> **WHAT YOU HAVE TO DO**
If pictures appear, leave them out, and return exactly the lines from the one holding "Close-up photo of" through the last line of the listing below.

> **DATA TO PROCESS**
== == ==

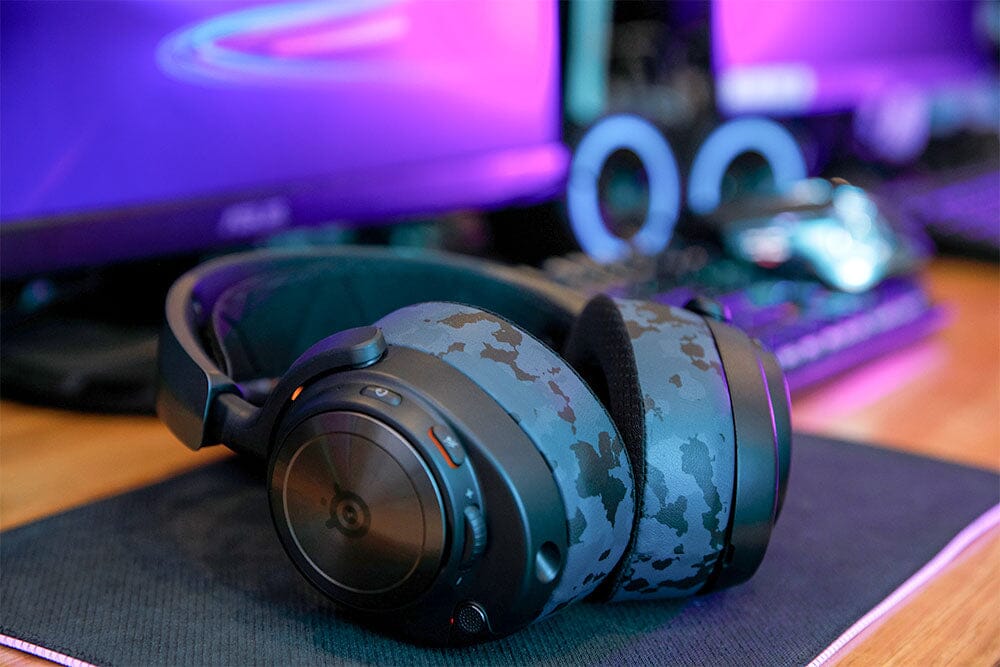 Cooling gel replacement earpads on headset, blue-gray camo with black textured foam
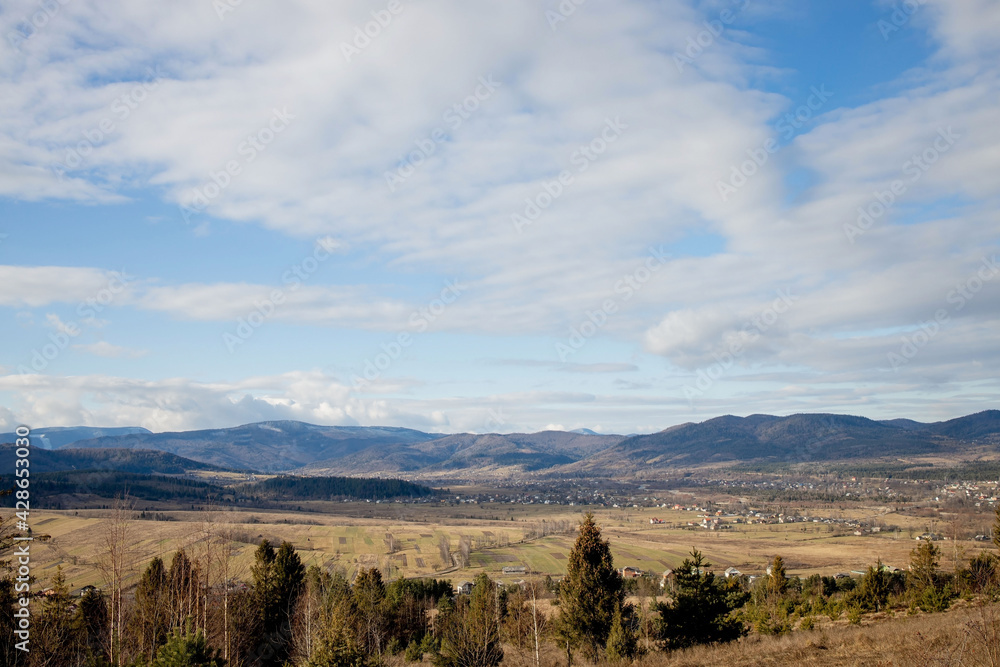 Mountain green valley village landscape. Mountain valley town panorama
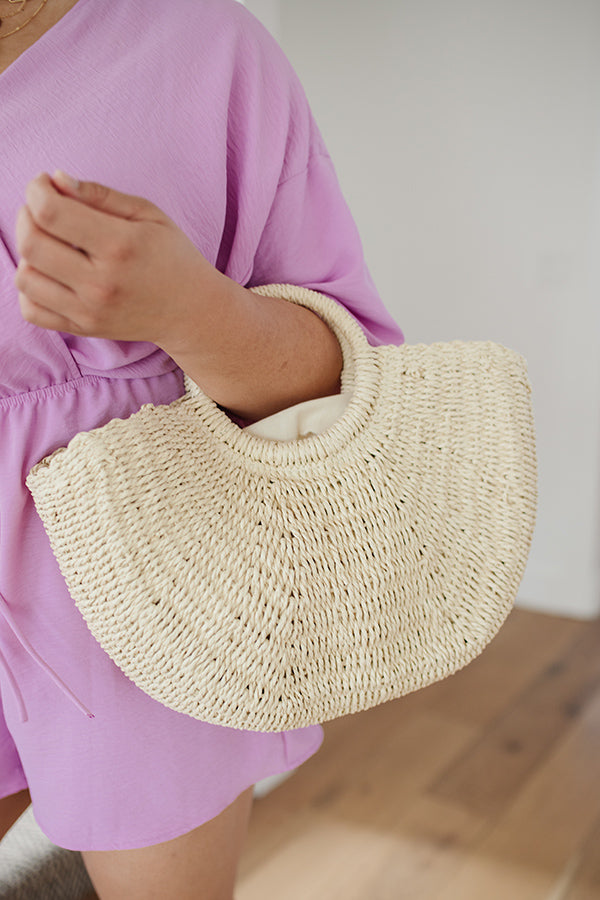 Close-up photo of a straw bag on a person's arm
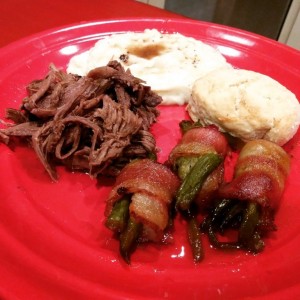 Shoulder roast and gravy mashed taters and candied bacon wrapped green beans and biscuits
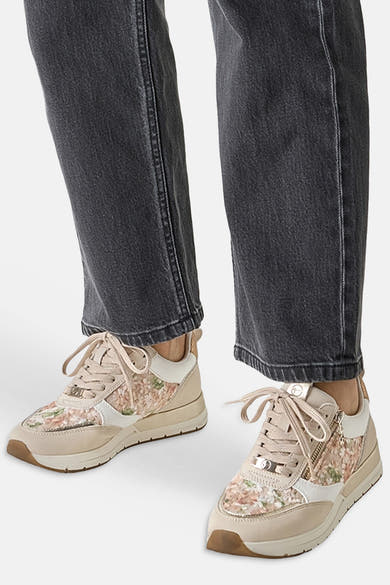 Beige Tamaris sneakers met een delicaat bloemenpatroon en een decoratieve ritssluiting.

== == ==

> **WRITTEN REPLY**
 Close-up photo of a straw bag on a person's arm
 Shoulder roast and gravy mashed taters and candied bacon wrapped green beans and biscuits
 Beige Tamaris sneakers met een delicaat bloemenpatroon en een decoratieve ritssluiting.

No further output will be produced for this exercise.